Cochran-Siegle’s feat marks a new chapter in the story of the Skiing Cochrans, Vermont’s First Family of Skiing. Six members of the Cochran family have skied in the Olympics. Mickey and Ginny Cochran opened Cochran’s Ski Area in 1961 in their backyard in Richmond, Vermont. The beloved ski area is now a nonprofit where generations of Vermonters have learned to ski.


Barbara Ann Cochran, 71, watched her son’s silver medal run streaming on her computer at her home in Starksboro. In the hours that followed, the publicity-shy mother and grandmother has appeared alongside her son on the Today Show, among numerous other media. Ryan, 29, is one of Barbara Ann’s two children, and she has two grandchildren by her daughter Cate, one of whom jumped into her lap during her Today Show interview.


Since retiring from ski racing at the age of 23, Barbara Ann Cochran has pursued a diverse career. She wrote ski columns for the Washington Post, has been a performance coach, and has run the ski school at Cochran’s for the past 40 years. She recently announced that this would be her last season directing the ski school.

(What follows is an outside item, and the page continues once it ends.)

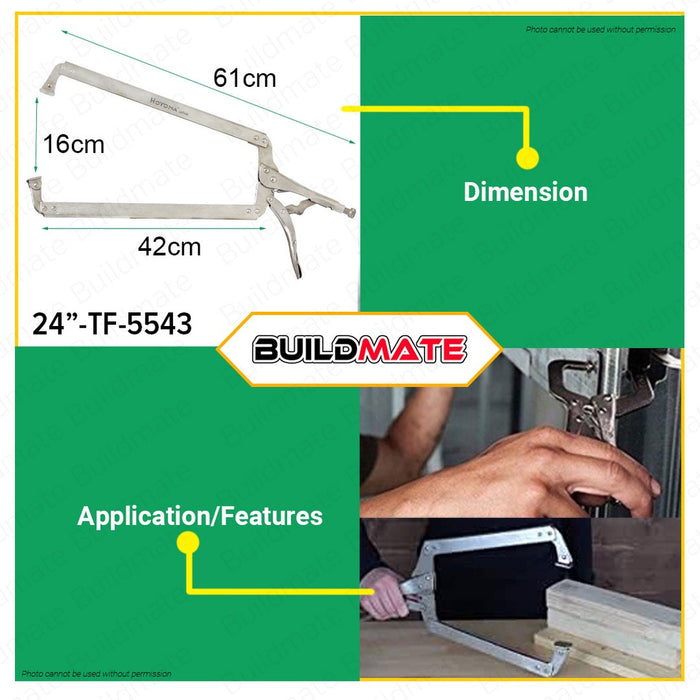 HOYOMA JAPAN C-Clamp Vise Grip Pliers 11 18 24 Inches SOLD PER PIECE 100% ORIGINAL •BUILDMATE•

Cochran says that her father Mickey espoused a philosophy of skiing that he called the Cochran Way. “He was hoping that we would experience skiing as just a heck of a lot of fun. Those were his words. But he also wanted us to learn some life lessons. He wanted us to realize that in order to do well [and] get better at something, you really had to work hard at it and put effort into it. And he felt that it took not only the hard work, but paying attention to details …to get yourself better.”


Mickey Cochran urged his children to not just focus on results, says his daughter. “It was about putting your best effort into it and seeing yourself getting better and better [in] what you were doing.”


On an icy slope in China, Cochran-Siegle demonstrated that the Cochran Way lives on in a new generation. “Regardless of where I finished today I wanted to be proud of my skiing,” the newly minted Olympic silver medalist told NBC. “Even before I saw my time I was like, ‘That was as good as I could have done.’”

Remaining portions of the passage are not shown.